Las declaraciones se produjeron al ser consultado sobre la política de Washington hacia La Habana.
Rubio sostuvo que Cuba ha respaldado a diversos grupos armados de izquierda en América Latina y citó entre ellos al Ejército de Liberación Nacional (ELN), las Fuerzas Armadas Revolucionarias de Colombia (FARC) y facciones disidentes de esa organización.
Según afirmó, varios movimientos considerados terroristas por Estados Unidos han recibido apoyo cubano en distintos momentos.
El jefe de la diplomacia estadounidense también aseguró que la isla continúa albergando instalaciones destinadas a la recopilación de información de inteligencia para China y Rusia.
Rubio ha reiterado en varias ocasiones su preocupación por la presencia de estos países en territorio cubano, al considerar que representa una amenaza para la seguridad nacional de Estados Unidos debido a la proximidad geográfica entre ambos países.

Las acusaciones forman parte de una postura que la administración estadounidense ha mantenido en los últimos meses respecto a las relaciones de Cuba con Moscú y Pekín.
Informes citados por funcionarios y analistas en Estados Unidos han señalado la existencia de instalaciones de inteligencia en la isla y una mayor cooperación entre Cuba, China y Rusia, aunque el Gobierno cubano rechaza esas afirmaciones y niega que su territorio sea utilizado para actividades que amenacen a terceros países.
La controversia se produce en medio de un contexto de creciente tensión entre Washington y La Habana.
Mientras Estados Unidos mantiene sanciones y otras medidas de presión contra el Gobierno cubano, las autoridades de la isla sostienen que las acusaciones carecen de fundamento y denuncian que forman parte de una estrategia para justificar nuevas acciones contra el país.

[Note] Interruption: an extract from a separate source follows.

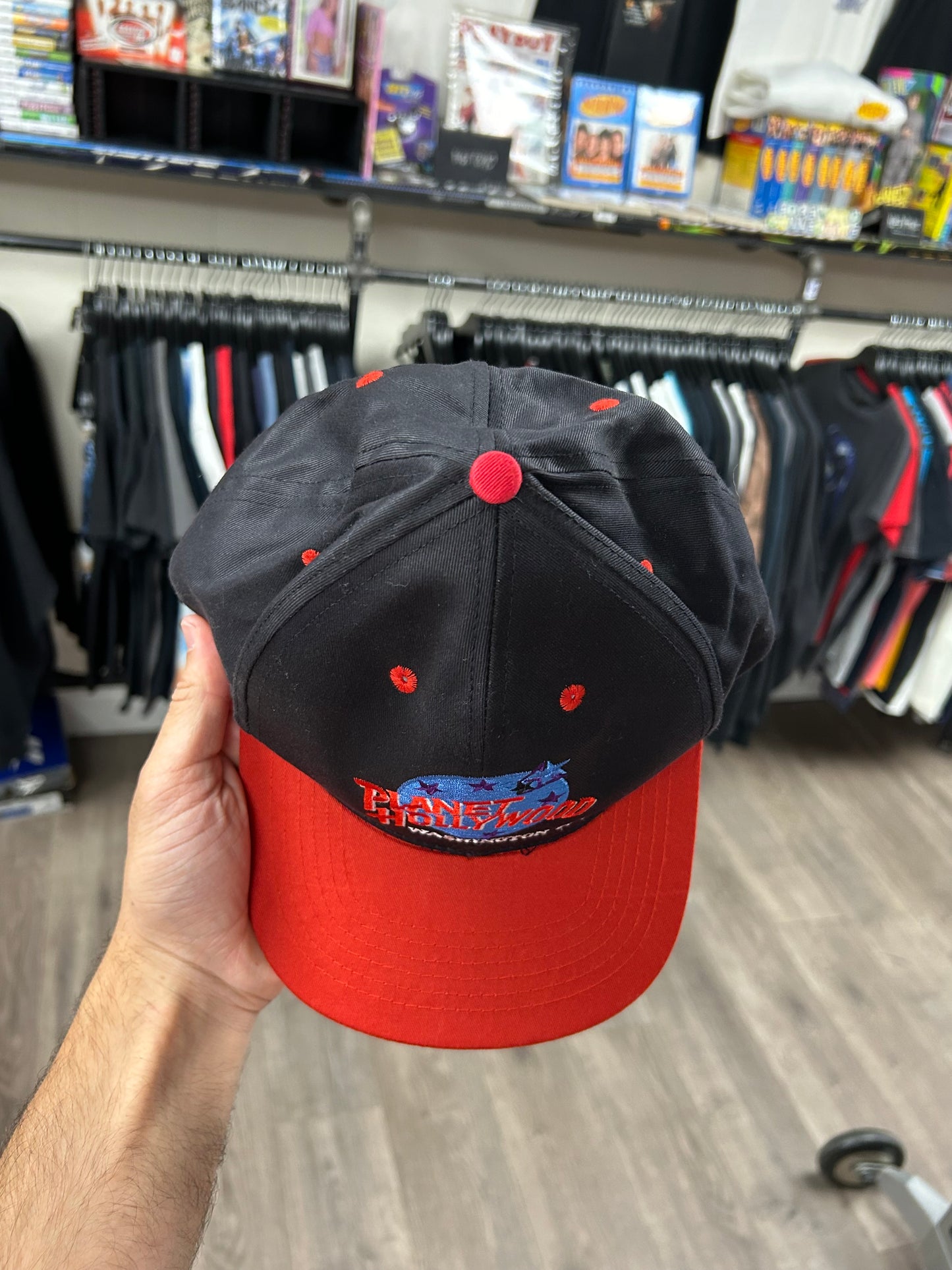 Vintage Planet Hollywood Washington D.C. Snapback Hat Adjustable 90s Black/Red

Rubio insistió en que es necesario contar con un sistema de vigilancia y respuesta ante lo que considera amenazas a la seguridad estadounidense.
Sus declaraciones se suman al debate sobre el papel de Cuba en la región y sobre las relaciones de la isla con potencias como China y Rusia, un tema que continúa generando diferencias entre ambos gobiernos.